### ASSIGNMENT
Could you restate, exactly and with nothing added, the lines from the start of the data through the line that holds "Altitude Waverly Non-Woven Drawstring Bag", leaving the pictures out?

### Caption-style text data
**********

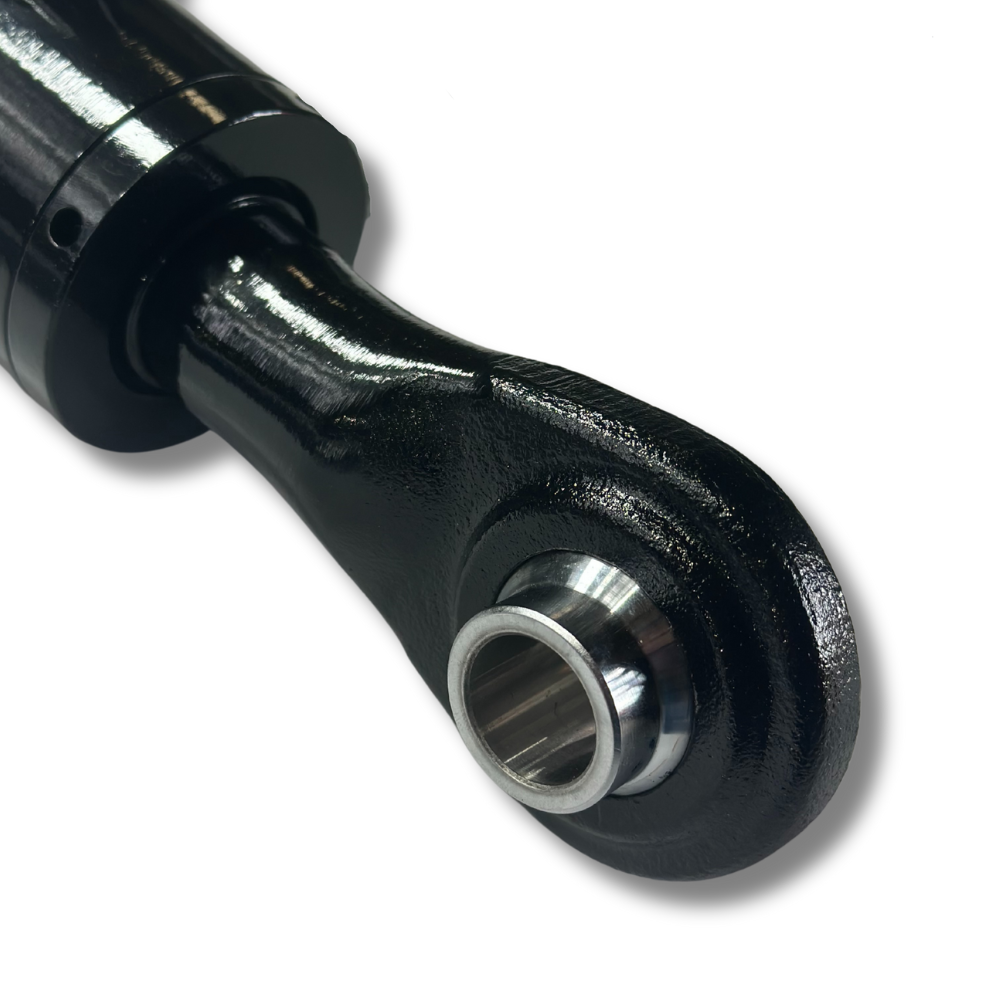 Top Link for Kioti CK2610, CK2810, CK3010, CK3510, CK3710, CK4010, CK4210. (TTKICK3510-TL)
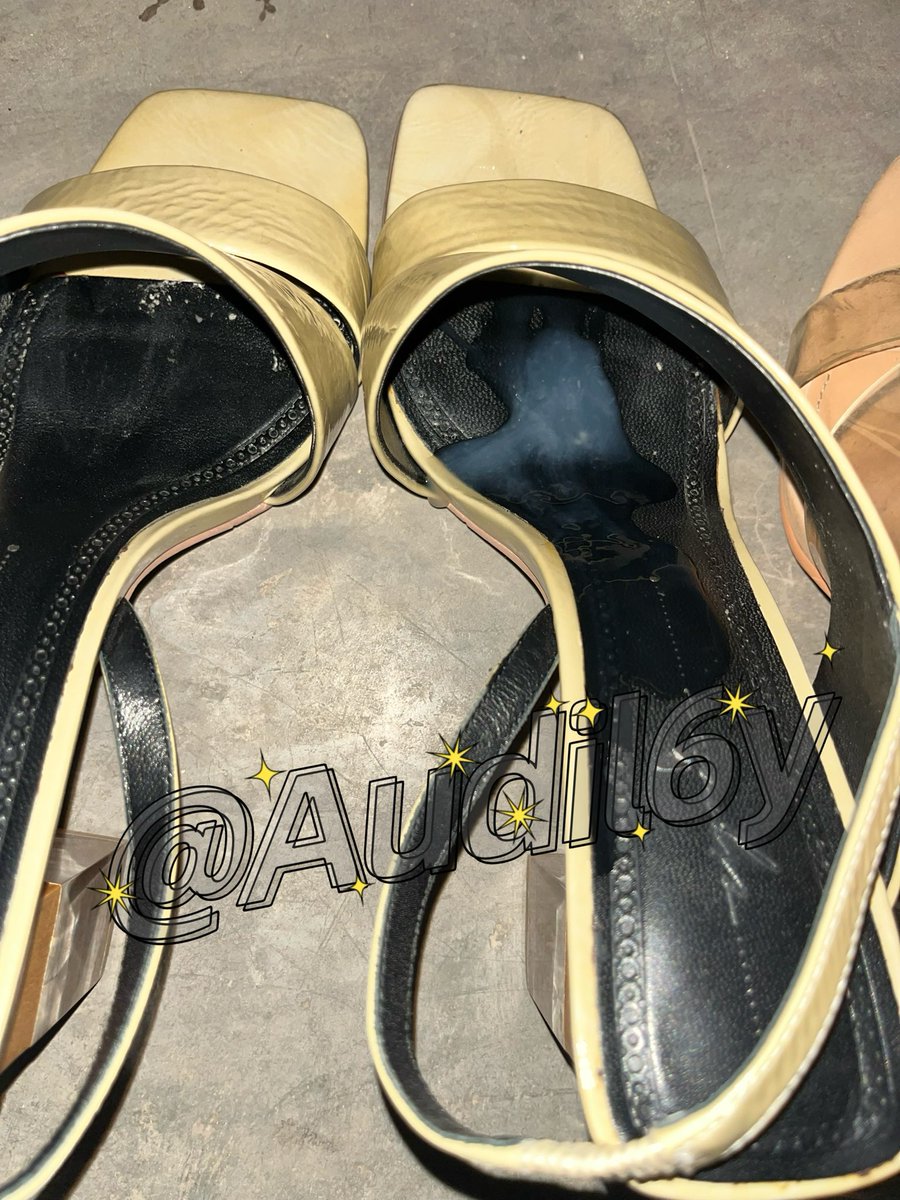 淄博可约 上门打胶可寄射全能选手可交友##淄博 #扫楼 #打胶 #张店#交友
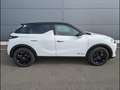 DS Automobiles DS 3 Crossback Performance Line Blanco - thumbnail 4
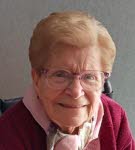 Mme Marthe Streiff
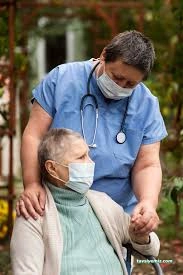 Antalya Medical Sağlık Kabini Antalya Medical Sağlık Kabini
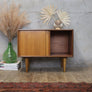 mid_century_teak_g_plan_form_5_lp_vinyl_media_cabinet_teak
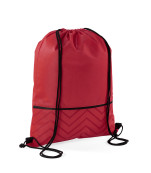 Altitude Waverly Non-Woven Drawstring Bag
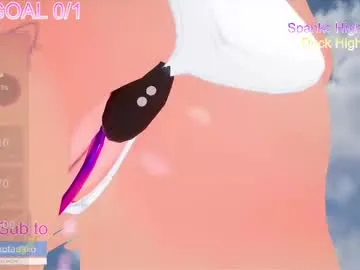 dears_pearlss – webcam model profile photo Image 6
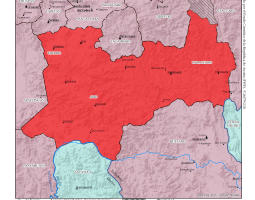 cinagua_y_la_guacana_jurisdiccion_nes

**********

### FINAL ANSWER
 Top Link for Kioti CK2610, CK2810, CK3010, CK3510, CK3710, CK4010, CK4210. (TTKICK3510-TL)
 淄博可约 上门打胶可寄射全能选手可交友##淄博 #扫楼 #打胶 #张店#交友
 DS Automobiles DS 3 Crossback Performance Line Blanco - thumbnail 4
 Mme Marthe Streiff
 Antalya Medical Sağlık Kabini Antalya Medical Sağlık Kabini
 mid_century_teak_g_plan_form_5_lp_vinyl_media_cabinet_teak
 Altitude Waverly Non-Woven Drawstring Bag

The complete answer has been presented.